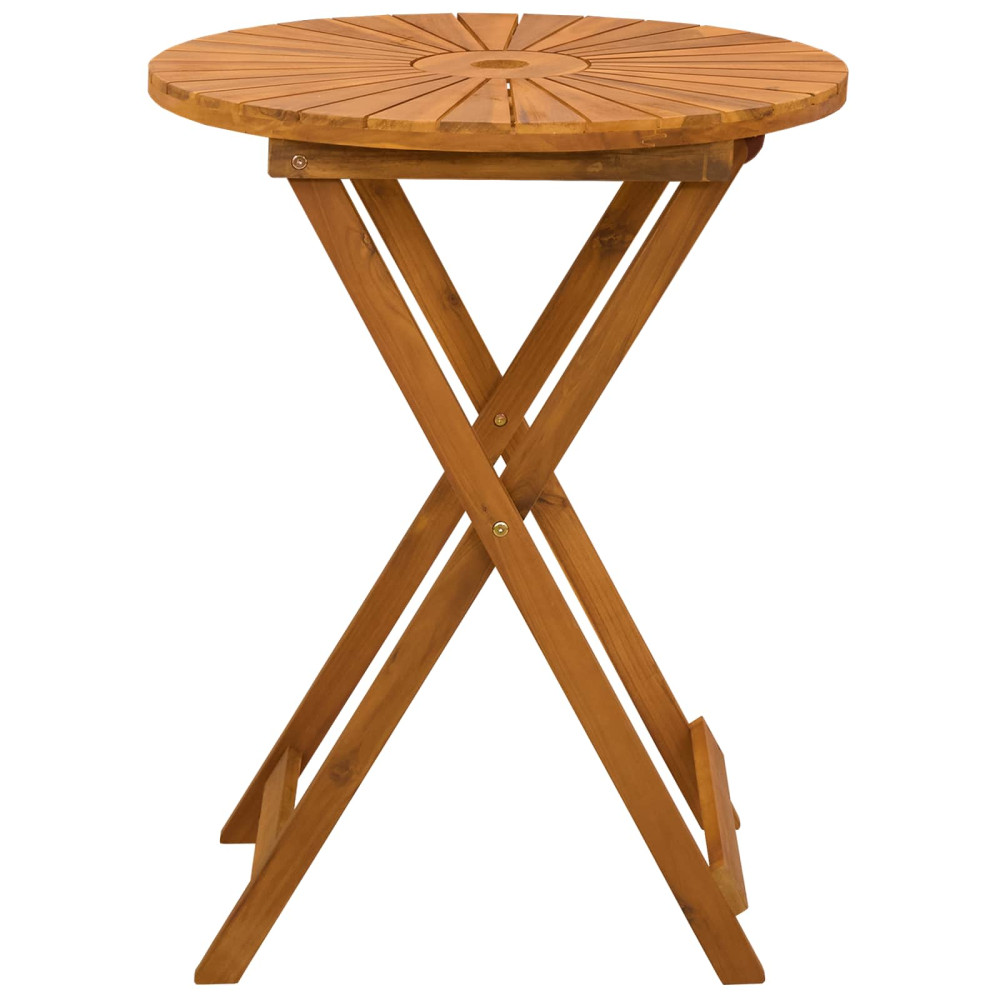 Produktbild för Hopfällbart trädgårdsbord Naturlig Ø60 x 75 cm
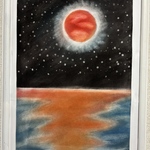 パステルアート[送料無料] red moon🌕　原画　額入り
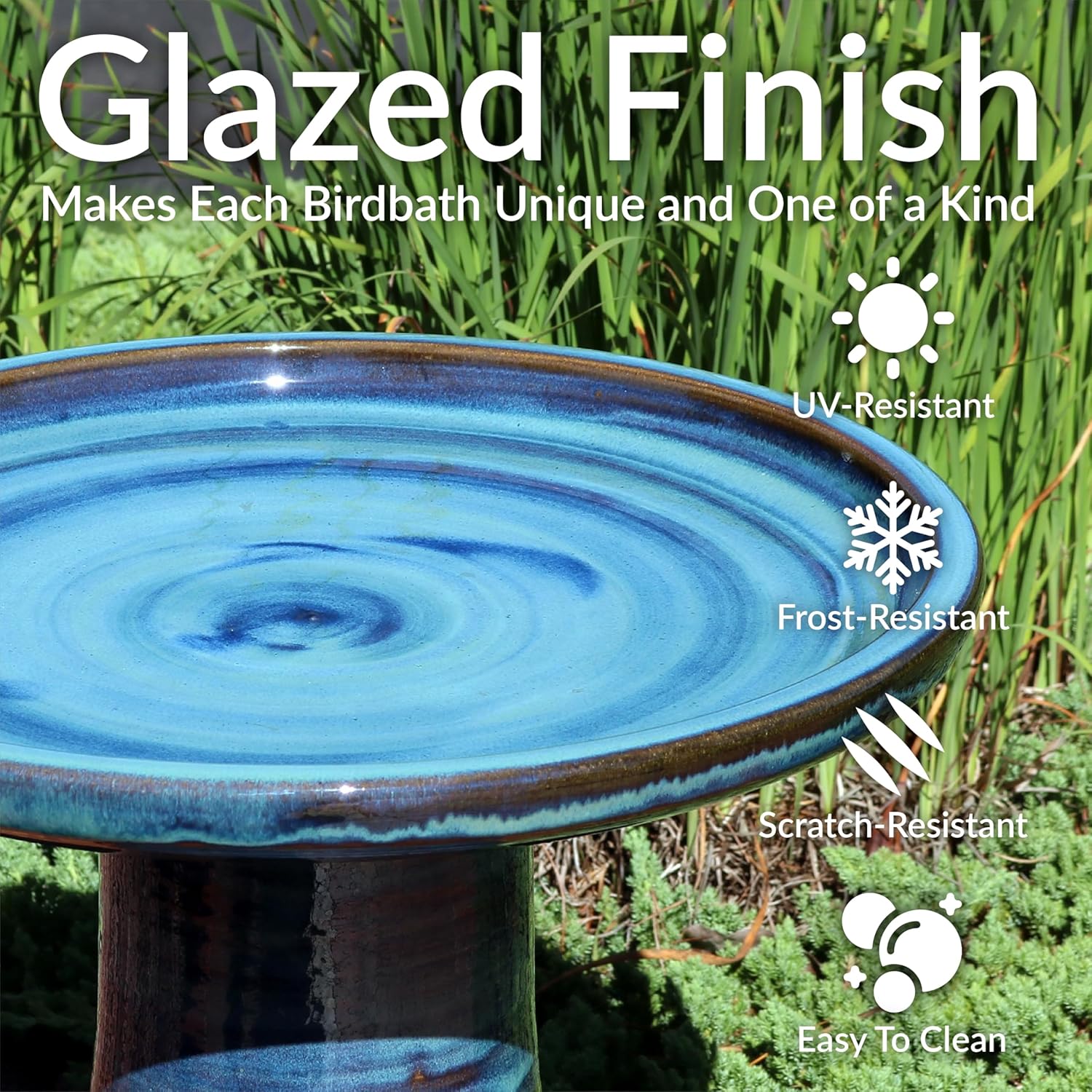 Sunnydaze 21inch H Ceramic Bird Bath for Outside - Hand-Painted Outdoor Bird Bath Bowl, UV/Frost-Resistant Finish - Galaxy Blue - Classic Pedestal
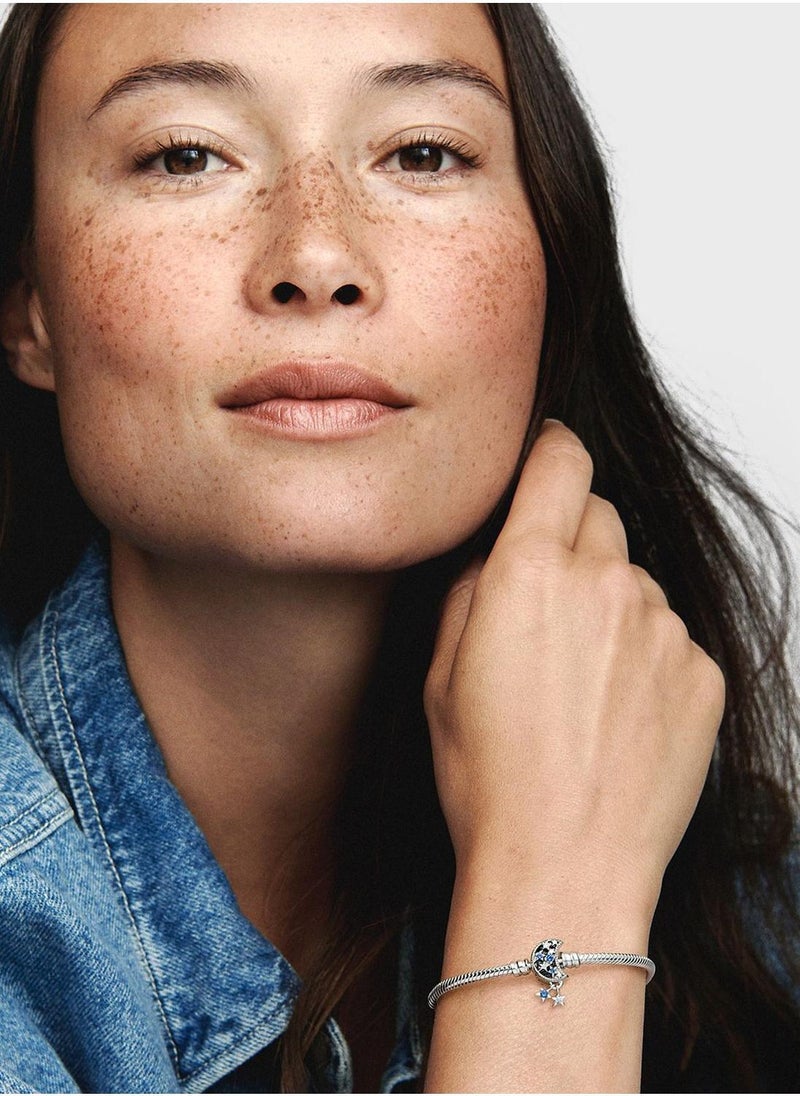 Pandora Moments Sparkling Moon Clasp Snake Chain Bracelet - Image 4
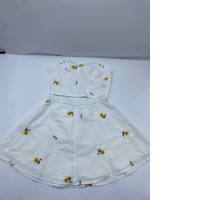 White floral pattern strapless short skirt dress White floral pattern strapless short skirt dress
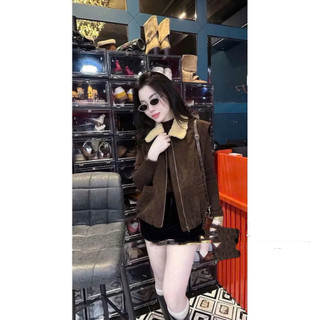 •𝙆𝙞𝙣𝙜𝙨𝙝𝙤𝙥𝙗𝙚𝙖𝙪𝙩𝙮•Áo Gile Da Lộn Cổ Bông Cừu QC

Goal of the exercise ->
Print exactly the lines from the first line of the records above through the line containing "Sunnydaze 21inch H", both included, and leave the pictures out.

Response to the exercise ->
 Produktbild för Hopfällbart trädgårdsbord Naturlig Ø60 x 75 cm
 パステルアート[送料無料] red moon🌕　原画　額入り
 Sunnydaze 21inch H Ceramic Bird Bath for Outside - Hand-Painted Outdoor Bird Bath Bowl, UV/Frost-Resistant Finish - Galaxy Blue - Classic Pedestal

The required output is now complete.